In a landmark investigation, the bureau has concluded the Canadian Real Estate Association has anti-competitive rules and must change its ways, according to documents obtained by the Star.

Details of a settlement have yet to be decided, but the bureau’s findings are expected to have a profound impact on the real estate industry – by permitting more innovative discount brokers into the market while allowing sellers to list their properties less expensively on the Multiple Listing Service.

With a membership of more than 96,000, Ottawa-based CREA is the largest real estate organization in Canada and represents the majority of the nation’s realtors.

“The Bureau is concerned that CREA’s rules have restricted consumer choice and limited the scope of alternative business models,” says an internal memo by CREA president Dale Ripplinger. “Unfortunately, the Bureau seems to believe that CREA’s rules … create restrictions and barriers.”

The bureau launched its investigation in 2007. Consumers have complained in the past about high realty fees and the need for more affordable services.
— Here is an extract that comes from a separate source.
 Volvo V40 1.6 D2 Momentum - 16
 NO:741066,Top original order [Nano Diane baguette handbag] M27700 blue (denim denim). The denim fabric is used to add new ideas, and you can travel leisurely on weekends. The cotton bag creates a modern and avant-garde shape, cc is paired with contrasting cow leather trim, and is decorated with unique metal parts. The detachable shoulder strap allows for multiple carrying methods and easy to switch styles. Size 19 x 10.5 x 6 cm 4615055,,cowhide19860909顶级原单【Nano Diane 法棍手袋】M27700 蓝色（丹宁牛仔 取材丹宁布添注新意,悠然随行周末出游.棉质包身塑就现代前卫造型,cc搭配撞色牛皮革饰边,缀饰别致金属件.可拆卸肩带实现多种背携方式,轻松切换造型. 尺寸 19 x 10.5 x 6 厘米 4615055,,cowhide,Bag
The vendor of an average-priced $400,000 home in Toronto can pay a commission of as much as 5 per cent, or $20,000.

“This is absolute, total vindication,” says Lawrence Dale, an owner of now-defunct Realtysellers, a Toronto-based discount broker that closed in 2006. “Once they’ve reached their settlement it means that the average guy on the street will be able to choose their real estate services and pay less for them.”

CREA executives met with the bureau on Oct. 23 to hear the long-anticipated results, according to the letter. “At that meeting the Bureau set out the conclusions of their inquiry and their proposed remedy,” says Ripplinger. “The Bureau’s position is that if CREA does not remove these restrictions, the Commissioner of Competiton will initiate an application before the Competition Tribunal.”

Ripplinger says CREA decided not to go before the tribunal, which can administer penalties, but is pursuing a settlement.

According to Ripplinger, CREA rules the bureau wants changed include those that say the listing realtor must act as the agent of the seller and receive and present all offers to the seller, and property information cannot be posted on the Multiple Listing Service without an agent representing the seller.

Changes to these rules would mean offers could be sent directly to the seller without the involvement of the listing agent. Consumers could likely have their listings posted on the MLS for a small fee.

Dale and partner Stephen Moranis claim they were forced to shut down their company because of rules implemented in 2007 by the realtor’s association. Realtysellers offered services such as allowing consumers to post listings for a few hundred dollars on the MLS website, where more than 90 per cent of all home sales are made. The company is suing CREA and the Toronto Real Estate Board.

CREA owns the rights to the MLS.

In a separate lawsuit against TREB, Fraser Beach, another Toronto realtor, alleges the organization terminated his MLS access because he launched a discount brokerage service. A decision by Ontario Superior Court of Ontario Justice David Brown is expected soon.

TREB has argued it didn’t block his access to the MLS for competitive reasons, but simply because he did not follow membership rules.

Both CREA and TREB have denied all allegations. A Toronto Real Estate Board spokesperson says the board does not comment on ongoing legal matters. Officials of the Competition Bureau were not available for comment Sunday.

Although the real estate association has agreed to reach a settlement, Ripplinger stressed “CREA does not agree with the Bureau’s findings and conclusions, either as a matter of fact or as a matter of law.” The association has called an emergency meeting for all member boards in December to discuss rule changes demanded by the Bureau.